### Recorded information

════════

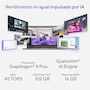 Miniatura de ASUS Vivobook S15 OLED Laptop 15.6" 3K Qualcomm Snapdragon X Plus 16GB RAM 512GB SSD Plata con Mochila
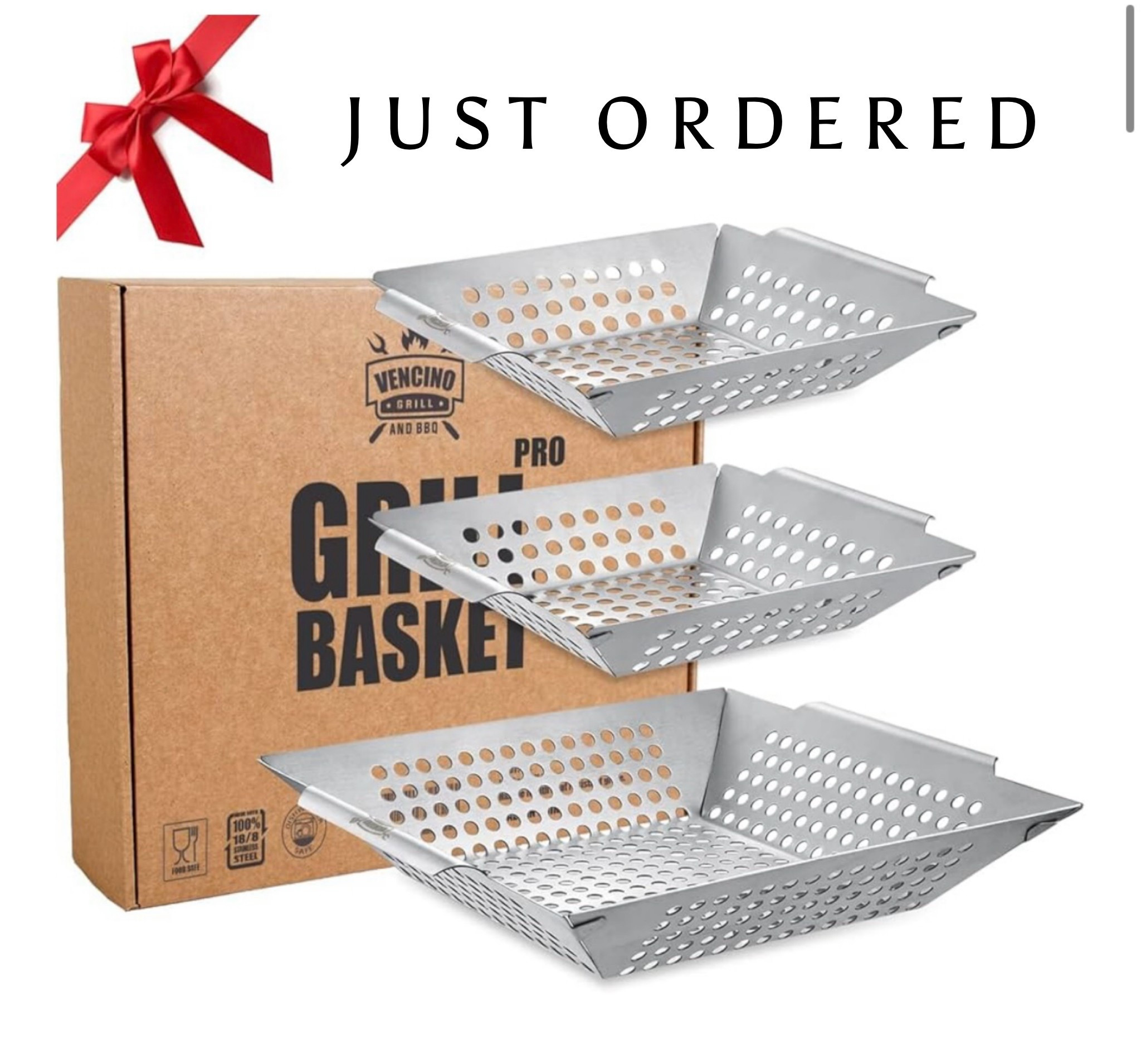 Grill baskets I just ordered to replace aluminum foil! 



#LTKSeasonal #LTKSaleAlert #LTKHome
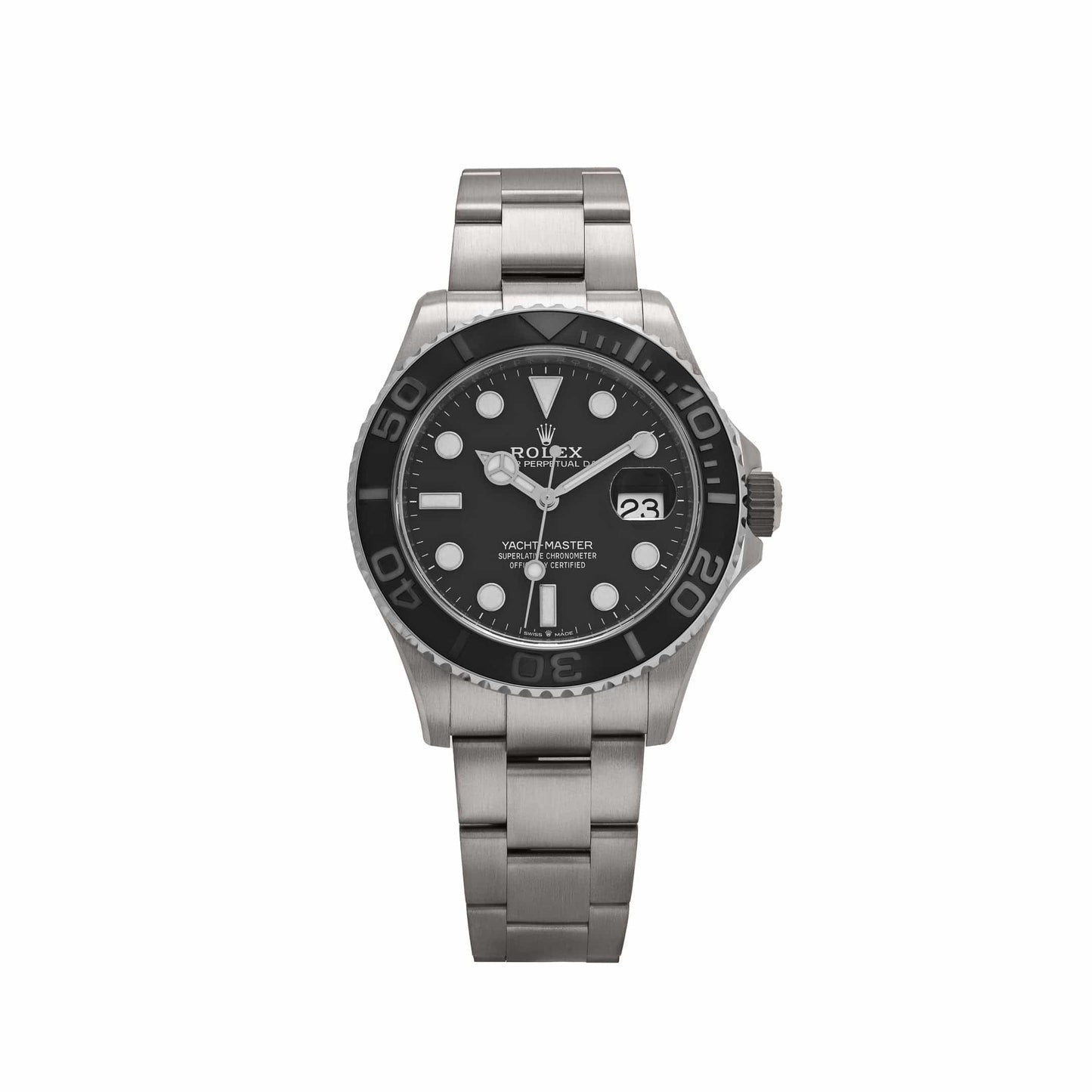 Rolex Yacht-Master 42 226627 Titane RLX Cadran Noir (2026)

════════

### Exercise objective
Pictures are to be omitted. Output verbatim only the lines from the one holding "#LTKSeasonal #LTKSaleAlert #LTKHome" through the end of the material, both included.

### Exercise response
#LTKSeasonal #LTKSaleAlert #LTKHome
 Rolex Yacht-Master 42 226627 Titane RLX Cadran Noir (2026)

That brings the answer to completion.